Enweronu-Laryea Christabel C, Sagoe Kwamena W C, Glover-Addy Hope, Asmah Richard H, Mingle Julius A, Armah George E
Department of Child Health, University of Ghana Medical School, Accra, Ghana.
J Infect Dev Ctries. 2012 Feb 13;6(2):148-55. doi: 10.3855/jidc.1667.
Vaccination is the most effective preventive strategy against rotavirus disease. Regional differences in prevalent rotavirus genotypes may affect vaccine efficacy. Pre-vaccine surveillance for burden of rotavirus disease, prevalent rotavirus genotypes, and association between rotavirus disease and intussusceptions helps in monitoring the impact of vaccination.

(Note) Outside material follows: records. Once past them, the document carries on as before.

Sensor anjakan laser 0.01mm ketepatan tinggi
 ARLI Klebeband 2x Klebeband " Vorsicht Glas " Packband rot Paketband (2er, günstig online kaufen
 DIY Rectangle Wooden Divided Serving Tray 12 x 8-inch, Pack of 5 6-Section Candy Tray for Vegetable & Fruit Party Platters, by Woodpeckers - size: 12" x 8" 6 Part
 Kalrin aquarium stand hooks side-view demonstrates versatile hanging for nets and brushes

A prospective study was conducted from January 2008 to December 2009 in children younger than five years hospitalized for longer than 24 hours with acute gastroenteritis. Data on confirmed cases of intussusception were collected retrospectively. Stools were tested by enzyme immunoassay, reverse-transcriptase polymerase chain reaction and nucleotide sequencing.
Acute gastroenteritis (AGE) caused 13.1% (2,147/16,348) of hospitalizations among children under five years. Stools were tested for 50.2% (1077/2147) of AGE cases. Of these, 49% (528/1077) were rotavirus positive. Rotavirus gastroenteritis, non-rotavirus gastroenteritis, and intussusceptions were most prevalent in children under 15 months [80.3%, 74% and 91% respectively]. Rotavirus was detected from more than 60% of acute gastroenteritis cases during peak months. The prevalence of intussusception showed no seasonal pattern. The peak ages of six to twelve months for acute gastroenteritis and five to eight months for intussusception overlapped. G1, G2 and mixed G/P genotypes were common in the isolated rotaviruses.
Rotavirus gastroenteritis causes significant morbidity in children younger than five years of age in Ghana. Although the peak age of rotavirus gastroenteritis and intussusceptions overlapped, there was no seasonal correlation between them. The high prevalence of mixed G/P genotypes in Ghanaian children may affect the effectiveness of vaccination.
接种疫苗是预防轮状病毒疾病最有效的策略。流行的轮状病毒基因型的区域差异可能会影响疫苗效力。疫苗接种前对轮状病毒疾病负担、流行的轮状病毒基因型以及轮状病毒疾病与肠套叠之间关联的监测,有助于监测疫苗接种的影响。
2008年1月至2009年12月,对因急性胃肠炎住院超过24小时的5岁以下儿童进行了一项前瞻性研究。回顾性收集确诊肠套叠病例的数据。粪便通过酶免疫测定、逆转录聚合酶链反应和核苷酸测序进行检测。
急性胃肠炎(AGE)导致5岁以下儿童住院病例的13.1%(2147/16348)。对50.2%(1077/2147)的AGE病例进行了粪便检测。其中,49%(528/1077)为轮状病毒阳性。轮状病毒胃肠炎、非轮状病毒胃肠炎和肠套叠在15个月以下儿童中最为常见[分别为80.3%、74%和91%]。在高峰月份,超过60%的急性胃肠炎病例检测到轮状病毒。肠套叠的患病率没有季节性模式。急性胃肠炎的高峰年龄为6至12个月,肠套叠的高峰年龄为5至8个月,两者重叠。分离出的轮状病毒中,G1、G2和混合G/P基因型较为常见。
轮状病毒胃肠炎在加纳5岁以下儿童中导致了显著的发病率。尽管轮状病毒胃肠炎和肠套叠的高峰年龄重叠,但它们之间没有季节性关联。加纳儿童中混合G/P基因型的高流行率可能会影响疫苗接种的效果。